Collaborations

Collaborating with artists to promote creativity and an expansion of my artistic practice.

Exotico Noreste Collective

A collective of artists from Monterrey, Mexico operating internationally from 1996 - 2003.

Exotico Noreste worked on projects from alternative spaces to showcase the work, to taking over a department store surveillance video system to project videos and animations to the shoppers. We exhibited in Monterrey, Italy and in Argentina.

Floating Lab Collective

Founded in 2007, the Floating Lab Collective is a large evolving collective of artists based in Fairfax, VA. The collective continues today in partnership with George Mason University Provisions Library.

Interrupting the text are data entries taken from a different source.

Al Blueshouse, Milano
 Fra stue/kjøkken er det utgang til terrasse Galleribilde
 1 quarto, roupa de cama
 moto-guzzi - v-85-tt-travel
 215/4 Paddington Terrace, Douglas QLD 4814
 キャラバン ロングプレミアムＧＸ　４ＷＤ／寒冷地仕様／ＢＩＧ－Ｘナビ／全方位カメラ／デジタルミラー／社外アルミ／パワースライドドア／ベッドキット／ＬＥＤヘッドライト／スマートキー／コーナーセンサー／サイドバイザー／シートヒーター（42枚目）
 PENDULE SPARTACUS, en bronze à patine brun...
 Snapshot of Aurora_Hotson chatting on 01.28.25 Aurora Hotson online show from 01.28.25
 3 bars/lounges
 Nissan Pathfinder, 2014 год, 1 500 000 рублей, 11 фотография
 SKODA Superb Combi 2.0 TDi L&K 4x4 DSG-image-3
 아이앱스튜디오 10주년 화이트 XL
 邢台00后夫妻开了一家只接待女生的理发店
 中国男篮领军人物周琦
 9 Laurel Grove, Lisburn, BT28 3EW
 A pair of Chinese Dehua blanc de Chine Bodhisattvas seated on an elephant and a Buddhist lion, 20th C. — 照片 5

With the Floating Lab Collective, I took part in performance work that tackled governmental issues across borders, including the Protesting on Demand project at the TransitioMX Digital Arts Festival that connected protests at the White House and Mexico City's Zocalo Plaza through a live feed showed live a the Laboratorio de Arte Alameda Museum in downtown Mexico City

Ongoing collaboration with an art collective of artists located in the Washington, DC metro area.

I've contributed to all three iterations of the transformative Nomadic House Project, where we've used the universal symbol of home to reflect on the concept of home, shelter and displacement. Each iteration has focused on a different challenge and or aproach of crrent events using the steel framework of the house as the one continuous element.

Icebox Collective

Exótico Noroeste Collective

n the early 2000s, as surveillance technology rapidly evolved—years before the iPhone transformed our relationship with screens—Exotico Noreste Collective took on the systems designed to watch us.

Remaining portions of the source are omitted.